I don’t agree with it. Platforming… It’s a form of censorship. It’s a form of clamping down on free speech. I don’t think we teach civics or history anymore. So I don’t think a lot of people, especially the younger generation, even understand free speech or why it’s so important. What they have been steeped in is sensitivity and not having to endure too many moments where they encounter something that they don’t already agree with, or that makes them uncomfortable. That is not what college should be. It’s not what the free press should be. If you don’t like Milo, don’t watch. Or if you do, write him a letter, write him an email to do something. And by the way, after he was on, he did more to hurt his career than anything he had done up until then. So the people that didn’t like him and didn’t want him to do my show, the joke was kind of on them because he lost his book deal. He lost his touring contract. He lost everything. He’s a provocateur. There are certainly people I would not bring on [the show]. I wouldn’t have on someone from the Ku Klux Klan or a Nazi or something like that. You mentioned Ann Coulter — she’s a hard right-winger. A lot of the country likes Ann Coulter and listens to her, and she’s not stupid. I don’t exactly read her books. But I know from when we’ve covered her issues in the past, it’s not like she doesn’t do research. Sometimes people say to me, “Is she just saying something to be provocative?” I don’t think she is. I think you need to hear from all voices. And if you don’t like these people, just understand sunshine is the best disinfectant.
So where do you draw the line in terms of who you’d have on the show?
It’s a case-by-case basis. I don’t know. Sometimes people change. One man’s terrorist is another man’s freedom fighter. I’d have to hear the specifics of who we’re talking about. If it’s David Duke, I already know enough about him and I’m not going to talk to him. It’s not gonna help anything or shed a light on anything. You’d have to tell me a specific person and then I’d make up my mind.
What do you view as the Democrats’ biggest problem heading into 2024?
The biggest problem with the Democrats is their woke baggage. I think the Democrats could easily win every election if they didn’t do the kind of things that make people go, “Oh my god, this is the party of no common sense.” Stop talking about pregnant men and stuff that makes people go, “Who are these fucking people? What are they talking about? Men don’t get pregnant.” It’s the stuff that makes them very vulnerable because it’s very close to home. The environment is an issue, and democracy is an issue, but those are rather vague in a lot of people’s minds. [Imitating the average American parent] But when my kids come home from school and they’re telling me things that are going on in the school that I don’t agree with, or the teachers think that they have more say in my child’s life than I do as the parent… that kind of stuff that’s going on in this country. Stuff about race and gender and personal stuff. That’s very up close to people.

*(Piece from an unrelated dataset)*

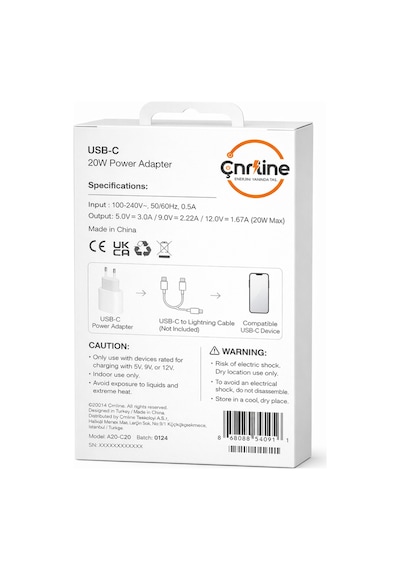 Apple iPhone 14 Pro / 14 Pro Max Uyumlu 20w Usb-c Şarj Adaptörü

Do you think Trump is going to win again?
I’m certainly very concerned about that. I said from the very beginning, he’s definitely going to run again. There’s no doubt. He hasn’t conceded the last election. He’s absolutely going to run again. I can’t imagine, if he wants the nomination, the Republican Party denying it to him, and I can very easily see him beating Biden, but it doesn’t matter because even if Biden beats him, which he probably will, Trump will never concede. And this time, of course, he’s put people in place who will back up his phony claims of winning the election. So the coup that he tried last time could work much better this time. That’s what I worry about and have been worrying about.
This interview has been condensed for clarity.